Sebagaimana argumentasi Abdurrahman Wahid (Gus Dur) bahwa, kosmopolitanisme Islam hakikatnya lebih mementingkan pemahaman ma haula al-nass (around the text), dan bukannya berhenti dalam ma fi al-nass (in the text) dalam memahami Islam. Artinya, Islam bukan sebatas teks namun juga berarti konteks, yang secara aplikatif oleh Gus Dur di wujudkan dalam dharriyat al-khamsah (lima hal dasar yang dilindungi agama).

Kelima hal dasar itu adalah: 1) hifz al-din; keselamatan keyakinan setiap agama; 2) hifz al-nafs; keharusan keselamatan fisik warga masyarakat dari tindakan anarkis dan teror; 3) hifz al-aqli; pemeliharaan atas kecerdasan akal; 4) hifz al-nasl; keselamatan keluarga dan keturunan; dan 5) hifz al-mal; keselamatan hak milik, properti dan profesi dari kekerasan dan gangguan. Artinya, semakin saleh kaum muslim dalam menjalankan dharriyat al-khamsah, semakin kosmopolit kaum Muslim tersebut, yakni cenderung terbuka, toleran, dan modern.

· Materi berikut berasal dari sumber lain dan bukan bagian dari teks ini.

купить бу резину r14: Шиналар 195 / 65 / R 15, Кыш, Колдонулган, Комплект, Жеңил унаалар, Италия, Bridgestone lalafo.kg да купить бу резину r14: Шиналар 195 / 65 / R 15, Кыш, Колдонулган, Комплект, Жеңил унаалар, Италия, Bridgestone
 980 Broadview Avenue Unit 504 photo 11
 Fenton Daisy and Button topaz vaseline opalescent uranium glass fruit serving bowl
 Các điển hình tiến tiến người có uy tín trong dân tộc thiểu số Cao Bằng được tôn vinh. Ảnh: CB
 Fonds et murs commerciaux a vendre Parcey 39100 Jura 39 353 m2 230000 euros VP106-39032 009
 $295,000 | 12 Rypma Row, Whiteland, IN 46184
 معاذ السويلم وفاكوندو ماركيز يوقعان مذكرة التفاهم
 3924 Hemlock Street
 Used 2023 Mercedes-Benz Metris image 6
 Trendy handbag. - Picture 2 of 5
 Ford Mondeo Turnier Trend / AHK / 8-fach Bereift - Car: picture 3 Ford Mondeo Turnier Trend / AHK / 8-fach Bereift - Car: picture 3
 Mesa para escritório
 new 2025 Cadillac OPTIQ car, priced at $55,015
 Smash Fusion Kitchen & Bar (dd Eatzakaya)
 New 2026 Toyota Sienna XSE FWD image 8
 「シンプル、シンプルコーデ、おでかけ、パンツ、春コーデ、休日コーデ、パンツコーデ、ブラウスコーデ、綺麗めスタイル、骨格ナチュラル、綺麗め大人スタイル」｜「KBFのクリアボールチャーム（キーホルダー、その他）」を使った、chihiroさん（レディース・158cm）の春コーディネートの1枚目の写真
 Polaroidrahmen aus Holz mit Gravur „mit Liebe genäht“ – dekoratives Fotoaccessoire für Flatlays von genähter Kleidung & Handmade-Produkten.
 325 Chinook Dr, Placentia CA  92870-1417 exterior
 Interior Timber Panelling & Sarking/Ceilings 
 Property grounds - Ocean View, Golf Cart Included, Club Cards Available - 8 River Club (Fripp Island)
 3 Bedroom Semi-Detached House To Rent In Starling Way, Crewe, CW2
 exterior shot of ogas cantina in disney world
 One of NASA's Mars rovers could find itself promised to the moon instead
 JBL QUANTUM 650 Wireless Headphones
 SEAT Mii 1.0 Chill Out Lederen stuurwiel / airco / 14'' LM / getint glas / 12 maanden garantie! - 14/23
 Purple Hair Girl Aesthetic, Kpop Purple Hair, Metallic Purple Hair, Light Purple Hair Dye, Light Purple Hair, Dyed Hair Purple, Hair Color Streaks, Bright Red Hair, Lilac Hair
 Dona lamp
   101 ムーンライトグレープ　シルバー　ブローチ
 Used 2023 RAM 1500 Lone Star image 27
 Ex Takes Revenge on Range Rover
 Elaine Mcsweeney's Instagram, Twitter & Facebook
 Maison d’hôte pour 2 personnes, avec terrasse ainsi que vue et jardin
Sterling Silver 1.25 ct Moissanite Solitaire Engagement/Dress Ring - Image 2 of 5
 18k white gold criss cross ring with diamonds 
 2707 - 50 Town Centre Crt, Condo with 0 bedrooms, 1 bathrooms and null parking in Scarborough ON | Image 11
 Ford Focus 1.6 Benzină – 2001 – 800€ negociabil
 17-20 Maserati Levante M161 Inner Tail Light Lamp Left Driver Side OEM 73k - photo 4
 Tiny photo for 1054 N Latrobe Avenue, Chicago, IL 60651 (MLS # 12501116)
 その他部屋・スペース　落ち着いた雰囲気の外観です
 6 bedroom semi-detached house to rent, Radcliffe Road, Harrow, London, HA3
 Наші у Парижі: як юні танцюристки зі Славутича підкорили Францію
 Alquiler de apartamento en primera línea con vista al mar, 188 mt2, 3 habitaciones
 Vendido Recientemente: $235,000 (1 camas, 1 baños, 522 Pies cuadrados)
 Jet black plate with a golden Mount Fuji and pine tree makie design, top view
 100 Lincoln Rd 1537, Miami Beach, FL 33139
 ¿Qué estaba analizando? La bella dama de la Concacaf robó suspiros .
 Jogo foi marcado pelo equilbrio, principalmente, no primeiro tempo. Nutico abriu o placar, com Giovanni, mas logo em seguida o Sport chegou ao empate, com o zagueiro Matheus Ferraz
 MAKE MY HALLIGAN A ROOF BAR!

Akhirnya, menjadi warga muslim Indonesia yang kosmopolit tidak harus melepas jubah keislaman, namun cukup dengan memoles jubah tersebut sesuai dengan kondisi yang dibutuhkan di masing-masing locus dan tempus seiring perkembangan modernitas dan globalisasi. Hal ini sejalan dengan kaidah al-Muhafadhotu Alal Qodimis Sholeh Wal Akhdu Bil Jadidil Ashlah (mengaktualisasikan nilai-nilai klasik yang masih relevan sembari mengambil nilai-nilai kontemporer yang membawa kebaikan). Bagaimanapun juga membangun Islam Nusantara sama dengan membangun Indonesia.